Mad Men: Bittorrent Edition, by Conor McGarrigle (via, via):
the video simultaneously acts as a visualisation of bittorrent traffic and the practice of filesharing and is an aesthetically beautiful by product of the bittorrent process as the pieces of the original file are rearranged and reconfigured into a new transitory in-between state.
It also avoids infringing the copyright of Madmen as it is incomplete.
There are some interesting reactions to this on a Metafilter thread. For example, here’s Malice (#):
I’m not so sure that’s the “bittorrent edition” so much as the “online streaming of pirated tv shows” edition.

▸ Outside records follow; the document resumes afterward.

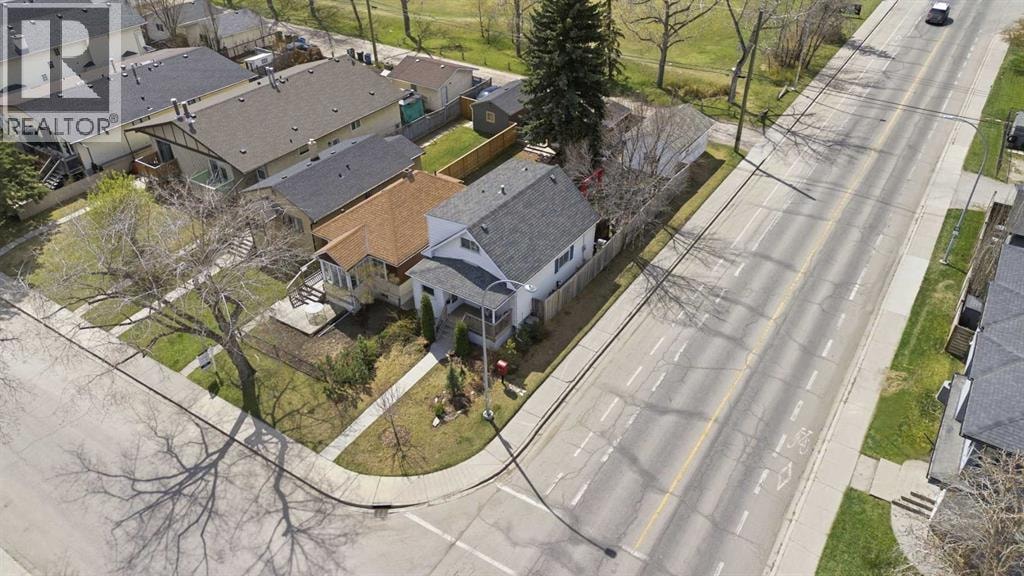 2801 26A Street SW — photo 28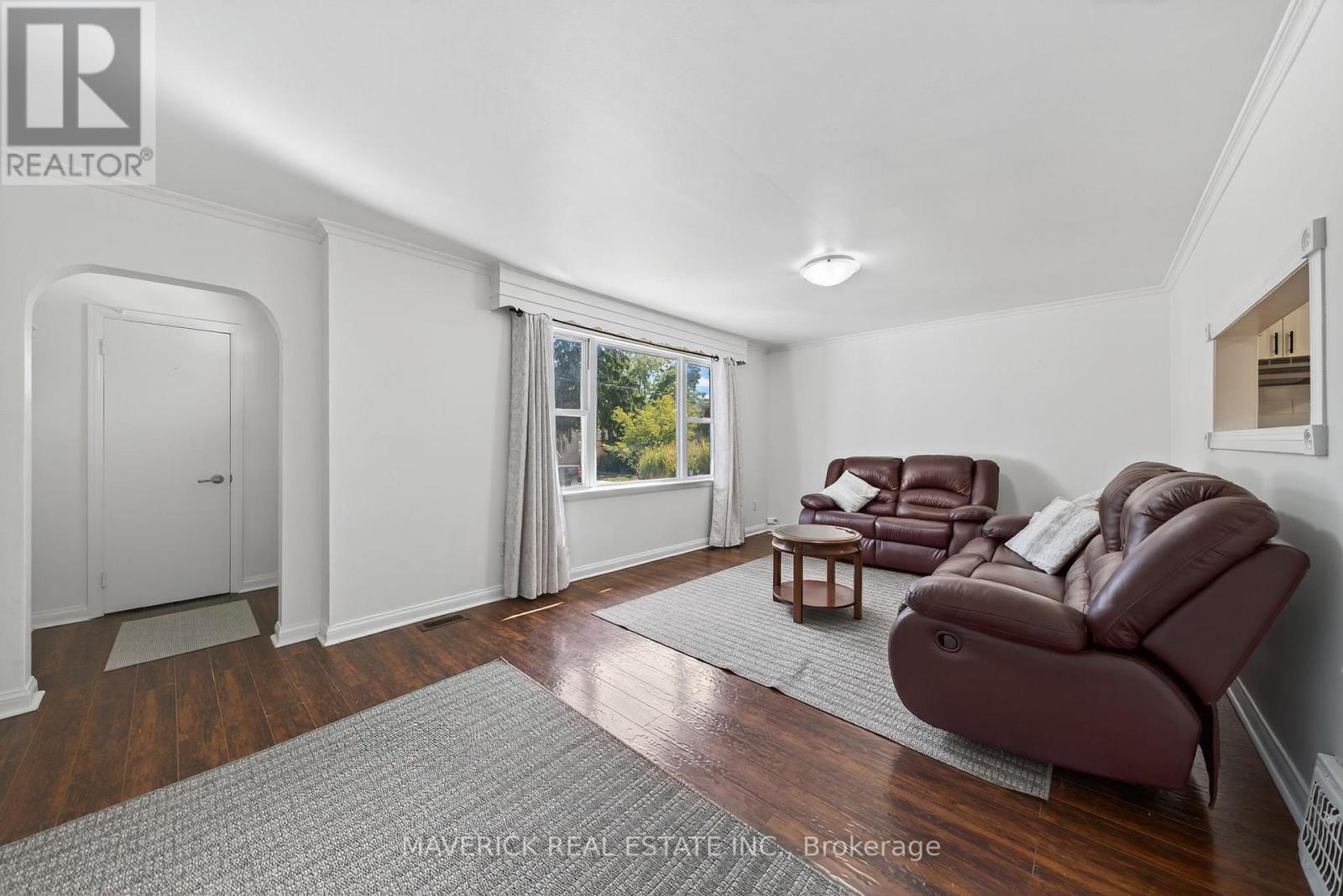 151 Elliott Street, London East (East C), Ontario  N5Y 2G1 - Photo 4 - X12456448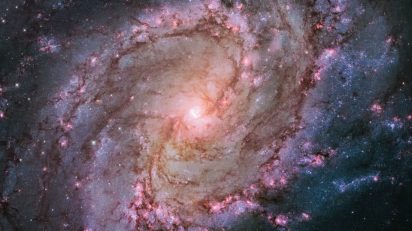 M83 Southern Pinwheel Galaxy classification: Barred Spiral Galaxy position: 13h 37m, –29° 51' (Hydra) distance from earth: 15,000,000 ly instrument/year: WFC3/UVIS, 2009–2012.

I also just don’t get how this is lovely at all. It’s rather annoying. Why anyone would voluntarily watch that is beyond me, this is the sort of thing that happens on rainy days to satellite subscribers, or when Netflix is being shitty.
Greg Nog replies (#):
It’s very pretty! And the theme of damage and incompleteness being wreaked upon a background of superficial aesthetic appeal works really well for its source material. Coupled with the (also very pretty song), I found this to hold a compellingly melancholy kind of charm for me — far more so than the AMC show holds, in fact.
shakespeherian added (#)
I think you’re missing what the draw is here for some folks, myself included. One of the ways that art functions is to draw attention to the overlooked, to find weird little spaces in common experience that people tend to skip over impatiently when they’re looking for the Real Meat Of Life, and to say: What if we just look at this one little thing? What if, instead of skipping over it, we acknowledge its commonality, we indulge it in the things we recognize about it, we allow it to play out and examine what it has to offer? Is there anything it can reveal, any way its random parts can accidentally work in concert to make something interesting? This process that so many of us participate in— torrenting episodes of a glossy-looking teevee show— what alternative results can spring from that same activity, and what happens if we just look at those results as if that was what we were trying for?
Also in the thread, as Kevin Slavin noted, there’s a good description of how the effects emerge by Rhomboid.